Dataset section:

────

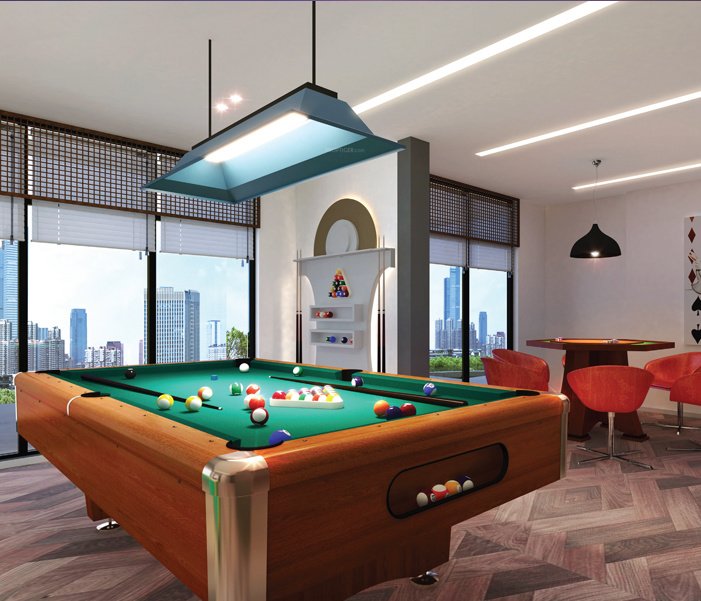  horizon Indoor Games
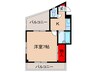 高野台Ｉ－ＰＬＡＣＥ 1Kの間取り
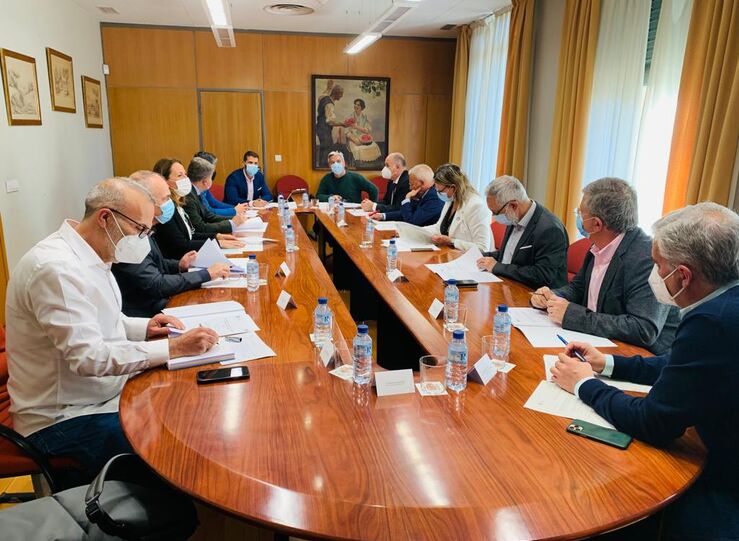 La Comisin Regional del Profea ratifica 493 millones para empleo agrario en Extremadura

────

Prompt: Quote in full the listing given above; the images are to be left out.

The completed task:
  horizon Indoor Games
 高野台Ｉ－ＰＬＡＣＥ 1Kの間取り
 La Comisin Regional del Profea ratifica 493 millones para empleo agrario en Extremadura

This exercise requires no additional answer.